Consequently, it is especially urgent that Christians do not become slack in their vocation for the reason that in the midst of all the chaos that captures our awareness, Christians need to understand that there are other spiritually destructive activities going on that warrant our consideration. One example is that this is an extremely lucrative time for false prophets, as it was in the period of Judges (Judges 17-18) and during the period of the early church (2 Pet. 1:1-3:18; see also The MacArthur Bible Handbook, pp. 487-490). They prey on those who may be spiritually weak and spiritually torn, by emphasizing the possibilities of material gains that could come with knowing the Lord and Savior Jesus Christ (even though Scripture tells us not to worry about such [Matt. 6:25-34]), while at the same time, stripping the Scripture of understandings intended to aid folks in spiritual strength. And even more than that, the enemy is causing the ordinarily diligent warriors to either fear being in the midst of the chaos, or to believe that their job is complete and they can just sit and wait. Either way, the work of the enemy is prompting Christians to cease from evangelizing, therefore, curtailing the spread of the gospel of the kingdom to those who may receive it and thereby, prolonging the second coming.

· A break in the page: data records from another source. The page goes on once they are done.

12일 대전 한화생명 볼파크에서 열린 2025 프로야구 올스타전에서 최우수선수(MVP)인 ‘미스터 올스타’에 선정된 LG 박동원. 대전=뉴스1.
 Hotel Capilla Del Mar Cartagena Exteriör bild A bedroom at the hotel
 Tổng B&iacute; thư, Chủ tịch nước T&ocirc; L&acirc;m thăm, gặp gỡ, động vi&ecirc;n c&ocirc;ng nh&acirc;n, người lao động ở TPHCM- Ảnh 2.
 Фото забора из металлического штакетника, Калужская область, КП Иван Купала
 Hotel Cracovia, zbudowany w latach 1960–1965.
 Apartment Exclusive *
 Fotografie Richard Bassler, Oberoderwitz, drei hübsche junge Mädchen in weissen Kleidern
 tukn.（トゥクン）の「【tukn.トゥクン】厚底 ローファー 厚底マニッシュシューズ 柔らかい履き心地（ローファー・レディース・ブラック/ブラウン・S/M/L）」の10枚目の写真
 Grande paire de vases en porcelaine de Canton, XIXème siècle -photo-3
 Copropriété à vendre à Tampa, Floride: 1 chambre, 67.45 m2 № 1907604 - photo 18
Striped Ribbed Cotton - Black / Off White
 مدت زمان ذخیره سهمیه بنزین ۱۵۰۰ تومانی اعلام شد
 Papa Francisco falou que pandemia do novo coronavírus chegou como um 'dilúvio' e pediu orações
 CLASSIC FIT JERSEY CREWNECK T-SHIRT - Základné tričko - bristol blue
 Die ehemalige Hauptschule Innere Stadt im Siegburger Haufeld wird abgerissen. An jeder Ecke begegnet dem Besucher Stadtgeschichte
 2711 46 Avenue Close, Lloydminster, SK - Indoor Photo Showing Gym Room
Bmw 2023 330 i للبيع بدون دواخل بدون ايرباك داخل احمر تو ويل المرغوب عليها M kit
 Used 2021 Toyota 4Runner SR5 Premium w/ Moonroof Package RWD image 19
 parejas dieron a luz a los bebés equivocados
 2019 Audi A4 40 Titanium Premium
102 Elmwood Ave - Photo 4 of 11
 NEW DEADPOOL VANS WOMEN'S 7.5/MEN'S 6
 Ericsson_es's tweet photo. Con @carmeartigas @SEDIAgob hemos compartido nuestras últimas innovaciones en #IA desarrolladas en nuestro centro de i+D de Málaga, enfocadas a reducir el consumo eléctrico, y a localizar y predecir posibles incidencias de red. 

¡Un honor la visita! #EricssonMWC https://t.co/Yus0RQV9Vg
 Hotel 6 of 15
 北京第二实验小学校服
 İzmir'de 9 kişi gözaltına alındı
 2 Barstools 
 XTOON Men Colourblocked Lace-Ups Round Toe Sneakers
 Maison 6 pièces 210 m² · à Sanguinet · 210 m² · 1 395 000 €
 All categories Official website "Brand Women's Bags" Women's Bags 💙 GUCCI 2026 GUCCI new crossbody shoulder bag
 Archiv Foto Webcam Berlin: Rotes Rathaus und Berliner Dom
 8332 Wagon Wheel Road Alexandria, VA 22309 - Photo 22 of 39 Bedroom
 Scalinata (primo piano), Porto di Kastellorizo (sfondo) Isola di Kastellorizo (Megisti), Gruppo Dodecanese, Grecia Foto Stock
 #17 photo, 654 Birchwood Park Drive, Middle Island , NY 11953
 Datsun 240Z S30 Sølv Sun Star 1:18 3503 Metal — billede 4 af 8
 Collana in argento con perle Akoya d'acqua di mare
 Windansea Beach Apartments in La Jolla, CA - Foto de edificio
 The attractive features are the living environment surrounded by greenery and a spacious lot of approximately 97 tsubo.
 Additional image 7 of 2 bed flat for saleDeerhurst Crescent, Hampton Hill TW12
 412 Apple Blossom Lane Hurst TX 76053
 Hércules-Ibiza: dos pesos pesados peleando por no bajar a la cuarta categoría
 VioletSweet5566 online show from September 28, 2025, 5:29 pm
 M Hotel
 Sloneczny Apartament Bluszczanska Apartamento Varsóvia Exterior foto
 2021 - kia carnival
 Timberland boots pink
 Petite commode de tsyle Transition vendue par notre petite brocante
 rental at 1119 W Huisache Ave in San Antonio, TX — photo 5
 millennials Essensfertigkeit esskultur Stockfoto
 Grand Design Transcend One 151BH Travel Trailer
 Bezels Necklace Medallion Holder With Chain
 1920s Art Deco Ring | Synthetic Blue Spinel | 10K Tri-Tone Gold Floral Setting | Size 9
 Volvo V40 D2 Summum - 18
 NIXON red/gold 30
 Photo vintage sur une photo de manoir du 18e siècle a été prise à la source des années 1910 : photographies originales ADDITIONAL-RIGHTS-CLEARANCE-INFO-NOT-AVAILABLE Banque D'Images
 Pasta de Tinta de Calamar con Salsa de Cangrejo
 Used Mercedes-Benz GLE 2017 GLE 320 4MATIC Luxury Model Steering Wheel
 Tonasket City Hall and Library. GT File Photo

Nevertheless, Scripture informs us that there is no need to be fearful about performing our vocation, since, although the task given to us is a daunting one, God has given us everything needed to perform the work (2 Pet. 1:3-9); it is a matter of maturing in Christ. Consequently, we should understand that while salvation is free, we have a major part to play in our spiritual growth (Heb. 5:12-6:2). Therefore, we should mature to the point where we love self, only for God’s Sake (Bernard of Clairvaux on love). In other words, our aim is to grow to be like Christ, a Son of God (John 1:12).
Hence, as we conclude this discussion, let us remember that instead of retreating during these perilous times, we should prepare to fight in season and out of season (2 Tim. 4:2-5), by putting on the entire armor of God so we can continue to answer our calling during these evil times. And, when we have done everything to stand, stand (hold your ground) (Ephesians 6:13). Then, we will be able to chime in with the Apostle Paul and say that we have “fought a good fight and finished the course.” And, we too will receive a crown of righteousness from the Lord, the righteous Judge, who will give them to “all who have longed for his appearing (2Tim. 4:7-8 NIV).”
*Note: All Bible references in this paper come from the King James Version of the Bible, except when otherwise noted.